TASK DIRECTIONS:
Omitting every picture, copy the lines from the one that contains "15.06.2025 - 27." through the last line of the records below, exactly and with nothing added.

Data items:
▼

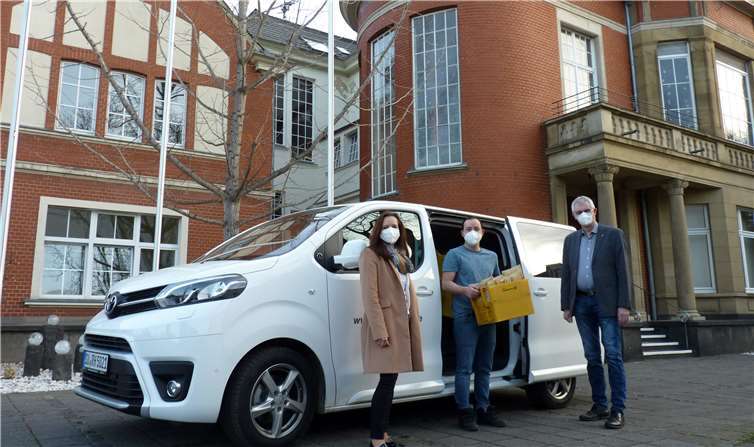 Bürgermeister Ludger Banken und Fachbereichsleiterin Daniela Hoffmann verabschieden den Kollegen Burak Gül bei der ersten Auslieferungsfahrt. Foto: privat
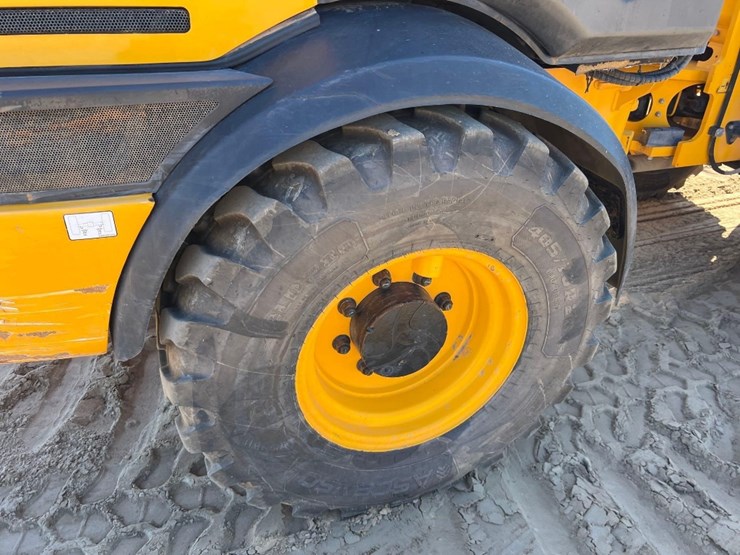 jcb-409t4-wheel-loader-image-11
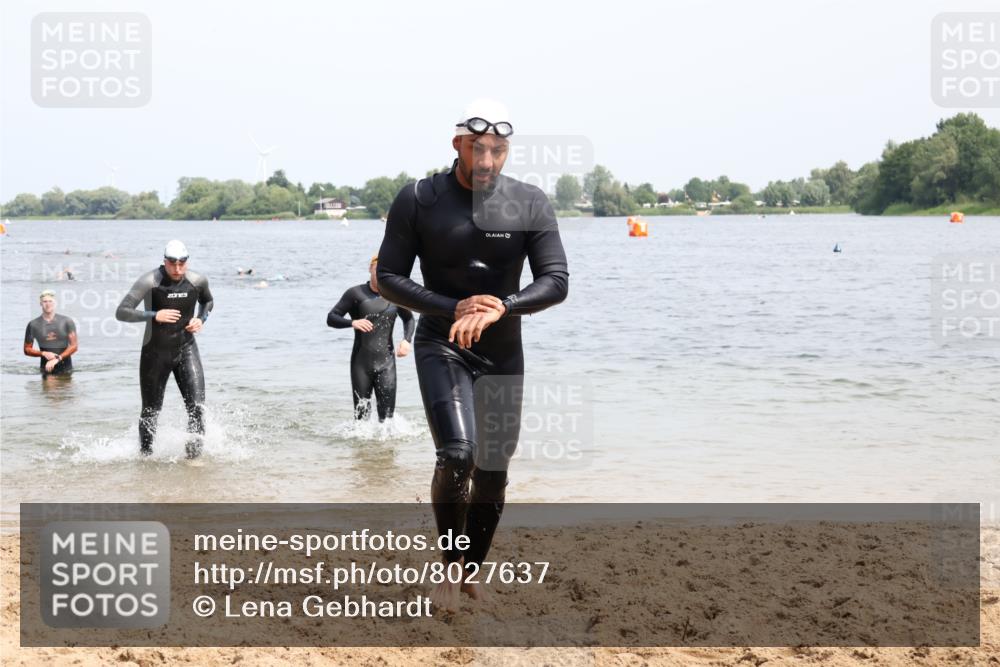 15.06.2025 - 27. Vierlanden-Triathlon Lena Gebhardt http://msf.ph/oto/8027637 15.06.2025 11:00:44 Schwimmen 637, 649, 678, 681, 699, 723, 746 meine-sportfotos.de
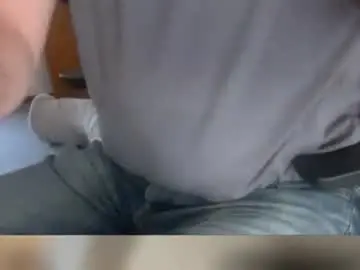 Chaturbate Free Porn Cam of geelongguy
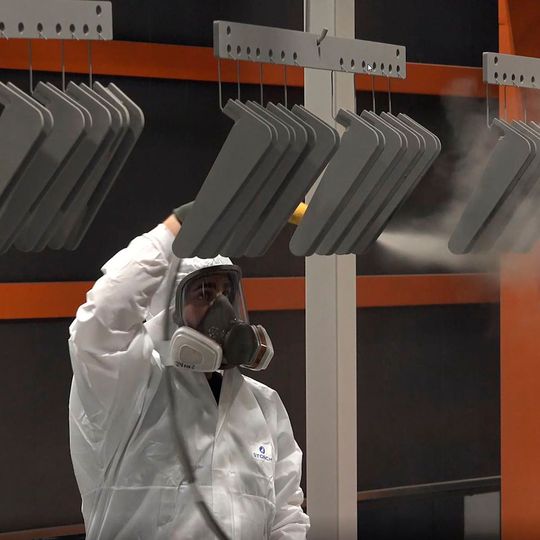 Pulverbeschichten bei Rehm Blechtec. Pulverbeschichten bei Rehm Blechtec.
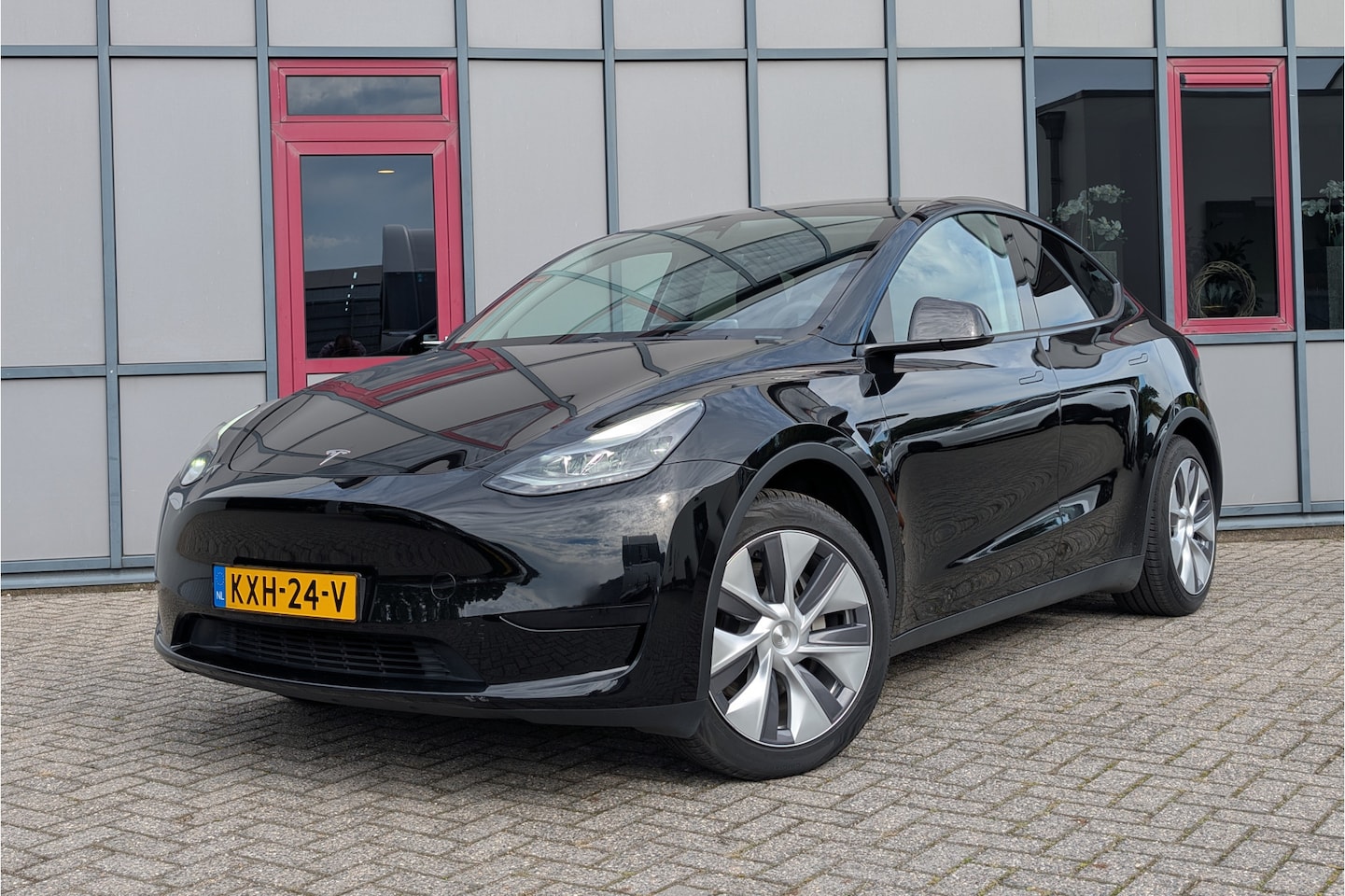 Tesla Model Y - RWD 58kWh LFP Warmtepomp - AutoWereld.nl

▲

ANSWER SECTION:
 15.06.2025 - 27. Vierlanden-Triathlon Lena Gebhardt http://msf.ph/oto/8027637 15.06.2025 11:00:44 Schwimmen 637, 649, 678, 681, 699, 723, 746 meine-sportfotos.de
 Chaturbate Free Porn Cam of geelongguy
 Pulverbeschichten bei Rehm Blechtec. Pulverbeschichten bei Rehm Blechtec.
 Tesla Model Y - RWD 58kWh LFP Warmtepomp - AutoWereld.nl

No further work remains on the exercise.